In functional programming, it is frequently useful to have an "identity" function. The =>self lens is the identity lens, it operates on the data structure itself. Here is an example of where it might be useful:

;; Suppose "dim" is a symbol that is defined as one of '1D, '2D, or '3D.

(define origin-point
  ;; The "origin-point" is a number if "dim" is 1D, but if
  ;; "dim" is 2D or 3D, the "origin-point" is a vector.
  (cond
   ((eq? dim '1D)  64.0)
   ((eq? dim '2D)  #(8.0  8.0))
   ((eq? dim '3D)  #(4.0  4.0  4.0))
   (else (error "invalid dimensionality" dim))
   )

(define =>x
  ;; We define the lens "=>x" to access the first cell of the vector
  ;; if "dim" is 2D or 3D, but if "dim" is 1D the lens is "=>self".
  (cond
   ((eq dim '1D)  =>self) ;; <------------------ using "=>self" here
   (else         (=>vector-index! 0))))

(display (view origin-point =>x))
  ;; displays 64.0 if dim is 1D, 8.0 if dim is 2D, or 4.0 if dim is 3D.

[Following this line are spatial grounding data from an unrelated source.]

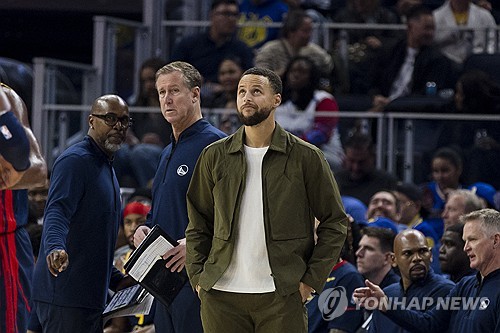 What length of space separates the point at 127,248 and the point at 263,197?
3.39 metres

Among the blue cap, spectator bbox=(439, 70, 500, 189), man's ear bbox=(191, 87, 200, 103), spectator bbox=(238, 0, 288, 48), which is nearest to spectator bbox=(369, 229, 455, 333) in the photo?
man's ear bbox=(191, 87, 200, 103)

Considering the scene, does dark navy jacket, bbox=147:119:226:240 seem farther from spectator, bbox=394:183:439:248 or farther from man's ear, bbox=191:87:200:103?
spectator, bbox=394:183:439:248

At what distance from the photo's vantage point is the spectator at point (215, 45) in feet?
38.9

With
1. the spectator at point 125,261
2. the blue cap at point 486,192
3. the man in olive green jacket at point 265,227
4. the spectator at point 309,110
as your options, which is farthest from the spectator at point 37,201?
the man in olive green jacket at point 265,227

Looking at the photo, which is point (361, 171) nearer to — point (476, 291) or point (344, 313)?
point (344, 313)

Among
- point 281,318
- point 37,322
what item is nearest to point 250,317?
point 281,318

Using =>on-update with lens-set!

Suppose you want to define a lens that always sorts a vector every time an element is inserted. There are other situations where you may want to always perform some mutating action on an object whenever the object is updated. This is the purpose of the primitive =>on-update lens.

(lens-set! 100
  vec (=>on-update (=>vector-index! n) vector-sort))

Debugging

Sometimes you simple do not have access to useful debugging tools, your only recourse is to do "print debugging" where you write lots of (display ...) or (write ...) statements everywhere and analyze the log of your program after it has run. To help with this, the =>trace lens is provided.

You can compose the =>trace lens with any other lens to produce logging information whenever the lens is used to access or updates data.

(define example-vector
  (vector #f #f 10 20 30 40 50 60 70 80 90 100 110 #f #f))

(define vec-min-index 2)
(define vec-max-index 13)
(define vec-median-index
  (truncate-quotient (- vec-min-index vec-max-index) 2))

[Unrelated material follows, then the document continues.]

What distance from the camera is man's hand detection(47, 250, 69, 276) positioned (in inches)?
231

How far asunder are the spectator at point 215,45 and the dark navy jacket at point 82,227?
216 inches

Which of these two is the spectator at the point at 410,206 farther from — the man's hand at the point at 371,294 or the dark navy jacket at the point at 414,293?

(define =>median (=>vector-index! vec-median-index))
  ;; --- Hmm... this lens seems to be broken. ---

;; Lets inspect the lens viewing operation with "=>trace"

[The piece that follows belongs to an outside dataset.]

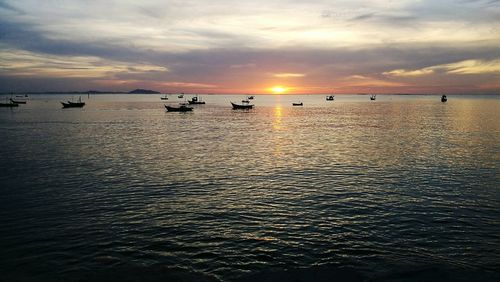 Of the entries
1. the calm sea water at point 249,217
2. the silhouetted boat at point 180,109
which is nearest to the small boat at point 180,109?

(display (view example-vector (=>trace =>median)))

The log output of the above code would then look something like this:

(begin view on lens (lens (vector-index! -5)):
  #:record-in-focus (#(#f #f 10 20 30 40 50 60 70 80 90 100 110 #f #f)))
(error in view on lens (lens (vector-index! -5)):
  #:error-object ("in procedure vector-ref: Argument out-of-range" -5)
  #:record-in-focus (#(#f #f 10 20 30 40 50 60 70 80 90 100 110 #f #f)))

Error in procedure vector-ref: Argument out of range: -5

As you can see, this report:

  begin view on lens (lens (vector-index! -5))

... shows that our vector index lens is being constructed with a negative value.

Concluding remarks

I personally have found the use of lenses to be an incredibly elegant and useful solution to many problems in Scheme involving large and complex data structures, such as objects structured as XML or JSON. I have come to prefer using lenses to using pattern matching, or going through the trouble of using a Meta-Object Protocol. I am publishing it here in the hopes that other people will find it as useful as I have.

This README is the only documentation for this library, but the source code is well-commented. To learn more about the available lens library APIs and how to use them, please refer to the comments in the source code.

I hope to keep this library as portable as possible, and have made an effort to write all code using only R7RS and the SRFIs. I am also interested in porting this library to other Scheme implementations. If you are interested in porting this code, and you manage to figure out which cond-expand expressions you need to write to make this library compile or run on another Scheme, please feel free to submit a pull request to me, either on CodeBerg, or as a Git patch attached to an e-mail.